We three arrived in Madison about 11 am on Friday, deciding that the theme of this year’s convention would be cracking open a tall cold can of justice. Well, it sound good as we were driving through the limestone canyons of Dubuque. Dan and Lisa are old friends of mine. She’s a feminist studies technology arcade librarian from the University of Iowa. He’s a man feminist computing geek at the student union. Together…they fight crime! Wait…

*takes a deep breath*

Lisa and I used to make this trip alone, and Dan horned in on the action last year. It’s a three musketeers kind of gig. This year, fellow writers Julie Rose, Jenn Racek and Yolanda Joosten, plus topnotch artist Catrina Horsfield came to meet up as well.
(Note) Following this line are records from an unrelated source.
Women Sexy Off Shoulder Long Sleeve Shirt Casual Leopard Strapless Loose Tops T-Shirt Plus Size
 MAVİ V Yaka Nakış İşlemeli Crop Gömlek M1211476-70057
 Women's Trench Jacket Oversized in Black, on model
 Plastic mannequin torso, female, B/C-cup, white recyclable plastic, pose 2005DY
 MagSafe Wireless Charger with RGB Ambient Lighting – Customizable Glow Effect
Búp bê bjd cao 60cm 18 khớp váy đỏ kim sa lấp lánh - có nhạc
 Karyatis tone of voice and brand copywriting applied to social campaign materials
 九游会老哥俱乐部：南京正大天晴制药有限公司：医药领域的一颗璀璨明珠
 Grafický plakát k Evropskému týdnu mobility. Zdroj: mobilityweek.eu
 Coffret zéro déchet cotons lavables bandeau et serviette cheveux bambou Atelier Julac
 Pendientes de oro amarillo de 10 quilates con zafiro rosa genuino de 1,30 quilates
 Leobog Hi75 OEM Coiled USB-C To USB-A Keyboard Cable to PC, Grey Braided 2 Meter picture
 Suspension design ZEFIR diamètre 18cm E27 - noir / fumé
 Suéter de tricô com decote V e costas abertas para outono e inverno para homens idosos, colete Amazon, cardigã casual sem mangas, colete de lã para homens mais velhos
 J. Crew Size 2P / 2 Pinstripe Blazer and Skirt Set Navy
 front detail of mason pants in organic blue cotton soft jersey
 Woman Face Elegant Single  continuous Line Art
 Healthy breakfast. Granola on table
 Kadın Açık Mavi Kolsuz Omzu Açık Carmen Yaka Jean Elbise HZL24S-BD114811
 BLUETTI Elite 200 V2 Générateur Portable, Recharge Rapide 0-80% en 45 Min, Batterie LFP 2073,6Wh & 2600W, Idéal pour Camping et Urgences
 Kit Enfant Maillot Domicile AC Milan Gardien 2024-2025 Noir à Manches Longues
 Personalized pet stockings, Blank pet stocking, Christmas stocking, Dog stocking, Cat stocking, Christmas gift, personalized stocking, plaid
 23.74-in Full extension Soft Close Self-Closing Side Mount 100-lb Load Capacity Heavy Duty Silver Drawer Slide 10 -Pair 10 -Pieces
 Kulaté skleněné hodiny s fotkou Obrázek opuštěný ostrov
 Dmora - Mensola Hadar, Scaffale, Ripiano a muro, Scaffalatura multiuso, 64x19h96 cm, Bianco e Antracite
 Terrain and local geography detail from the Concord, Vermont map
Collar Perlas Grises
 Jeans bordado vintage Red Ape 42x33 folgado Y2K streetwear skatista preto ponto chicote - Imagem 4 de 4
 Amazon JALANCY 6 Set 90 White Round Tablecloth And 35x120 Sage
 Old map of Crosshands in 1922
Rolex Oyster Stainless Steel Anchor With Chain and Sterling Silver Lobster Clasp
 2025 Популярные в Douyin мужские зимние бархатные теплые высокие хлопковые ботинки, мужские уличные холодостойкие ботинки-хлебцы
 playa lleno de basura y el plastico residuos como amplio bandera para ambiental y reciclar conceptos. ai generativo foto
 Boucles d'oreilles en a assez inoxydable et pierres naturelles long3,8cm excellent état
With the exception of me missing Bryon, this is as good as it gets.

Continue reading “Wiscon Recap: Friday”

Wiscon Glossalia

I’ve retreated to the room on Saturday party night for a little while to say hello to everyone, and to wait until the parties heat up a little bit here at the convention.

It’s been a good convention. There have been some highlights, and some spots that make me go hmmm. In the spirit of Tamago-ism, when I describe those hmmm moments, there will be no names or specifics mentioned, but there have been some problematic slants and biases in regard to topical panels this year that have made me think they’d be good examples for advanced composition students on how NOT to argue, explain and present.

That’s for later. Right now I’m run down. I was up much too late last night, and after eating rich foods and drinking, my new body, without gall bladder, decided that digestion was a young woman’s game. With that in mind, today has been careful, like walking on egg shells, and tonight I am much more parsimonious.

The reading went well. We had a small audience, but it was still good. For all my peeps for whom it was the first reading, I think they enjoyed themselves. I was pleased. I’ll let you know when Julie gets it up on the Las Habladoras site for your perusal.

Um…remember that beautiful new skirt I bought for the reading? It ripped tonight as I swung my leg to get off the bed. That was money ill spent. The top is gorgeous and still perfect. Sigh. I had planned on taking that skirt to Japan. Since today was the first time I wore the skirt, I’ll most likely take it back, but I no longer have the receipt, so hope does NOT spring eternal. Little nuisances are magnified when you’re tired, I’m sure.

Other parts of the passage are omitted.